À la lumière des difficultés actuelles du Trésor public, le rappel de cette dépense passée prend un goût amer. En effet, selon le rapport d’exécution budgétaire du 3e trimestre 2019, ce sont précisément 2,357 milliards de fcfa fcfa qui ont été affectés à la scolarité des enfants de diplomates. Dans un pays où des universités ferment pour faute d’électricité, et où certains lycées fonctionnent encore avec des tables bancales, cette priorité budgétaire pose question. Le contraste est aujourd’hui plus choquant que jamais.
Une République à deux vitesses
Ce chiffre est aujourd’hui d’autant plus évocateur et brutal alors que le président Brice Clotaire Oligui Nguéma, vient d’annoncer, lors d’un échange officiel avec la diaspora à Washington, la suppression pure et simple des bourses pour les étudiants gabonais en France, au Canada et aux États-Unis. Deux jeunesses, deux traitements, un même budget : bienvenue dans une (cinquième?) République à deux vitesses.
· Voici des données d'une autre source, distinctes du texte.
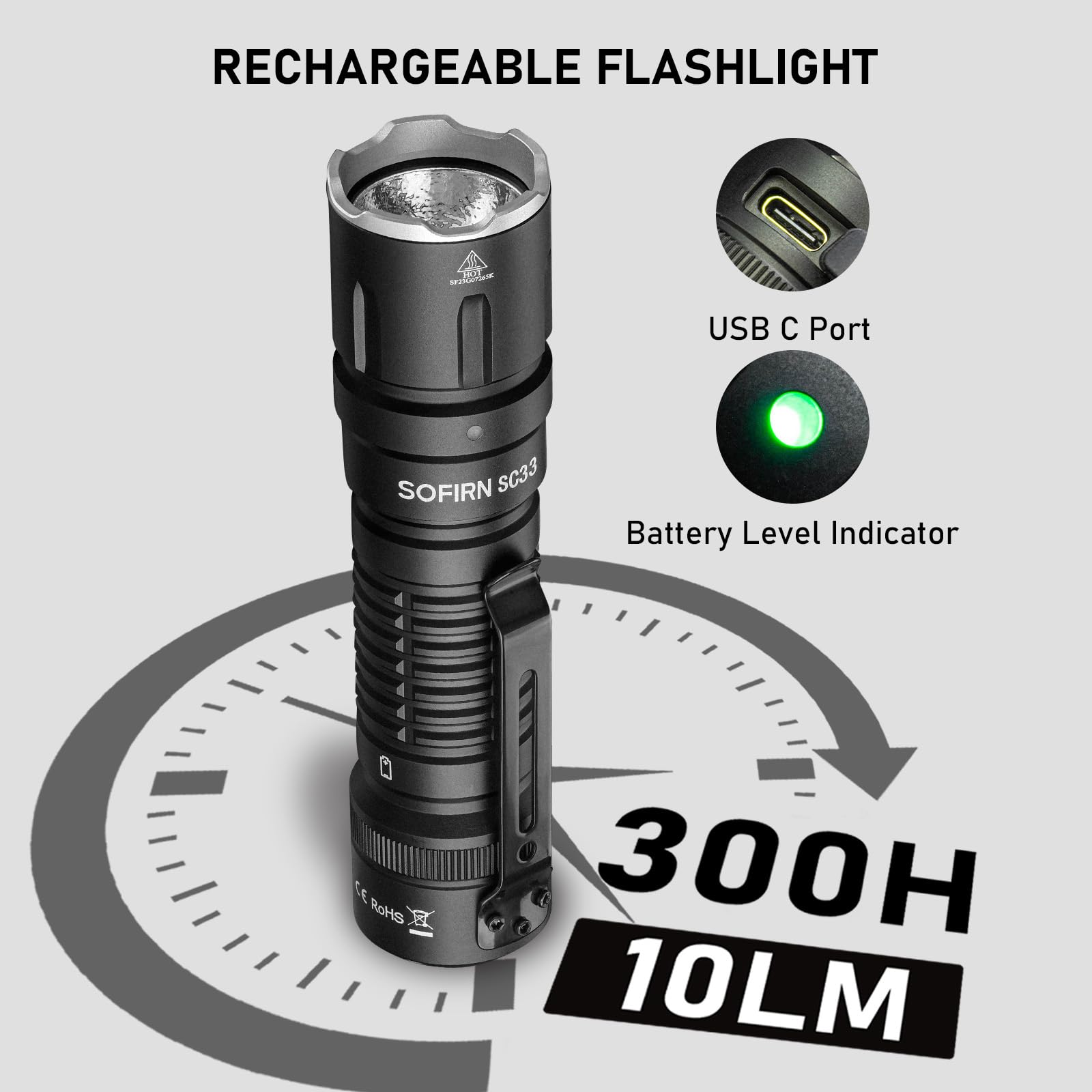 Csteboke Tactical Flashlight 5200 Lumens Waterproof Led Edc Black For Camping & Dog Walking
Devant une salle pleine de jeunes expatriés abasourdis, le chef de l’État a justifié cette décision radicale par des arguments budgétaires et moraux : « Ces étudiants coûtent trop cher à l’État et ne reviennent pas au pays. » Une phrase qui sonne comme une sentence, tant elle semble balayer d’un revers de main des trajectoires individuelles bâties avec effort, souvent dans des conditions précaires. Mais ce qui choque encore plus, c’est ce que l’État continue de financer dans l’ombre : les frais scolaires des enfants de diplomates, dans les écoles les plus élitistes et coûteuses du monde.
Ces 2,3 milliards de fcfa recensés dans le rapport d’exécution budgétaire 2019, et reconduits chaque année selon plusieurs sources internes à la Direction générale du budget, ne sont pas un accident de gestion. Ils témoignent d’une ligne constante, assumée mais non discutée, qui fait de la scolarité des enfants d’ambassadeurs une « dépense obligatoire« , quand celle des étudiants gabonais dans des universités publiques, devient une « charge inutile« . Le message politique est clair : seuls les enfants des hauts fonctionnaires de l’Etat méritent un accompagnement durable.
L’argument selon lequel les boursiers à l’étranger « ne reviennent pas » est d’autant plus bancal que l’État gabonais ne propose aucune politique de retour ni de valorisation des compétences acquises. Il s’agit donc moins d’un calcul économique que d’une sanction politique : punir ceux qui échappent à la filière officielle, autonome, et souvent critique. À l’inverse, les enfants de diplomates, déjà inscrits dans les réseaux du pouvoir, sont considérés comme des investissements… même lorsqu’ils coûtent trois à cinq fois plus par tête.
Ce traitement différencié de la jeunesse gabonaise ouvre une fracture symbolique profonde : celle d’un État qui tourne le dos à ses meilleurs éléments pour préserver une aristocratie administrative protégée. En supprimant les bourses pour certains, tout en conservant les privilèges d’autres, la présidence de la République entérine un principe dangereux : l’inégalité éducative comme outil de tri politique. Une génération sacrifiée pour que quelques-uns restent à l’abri.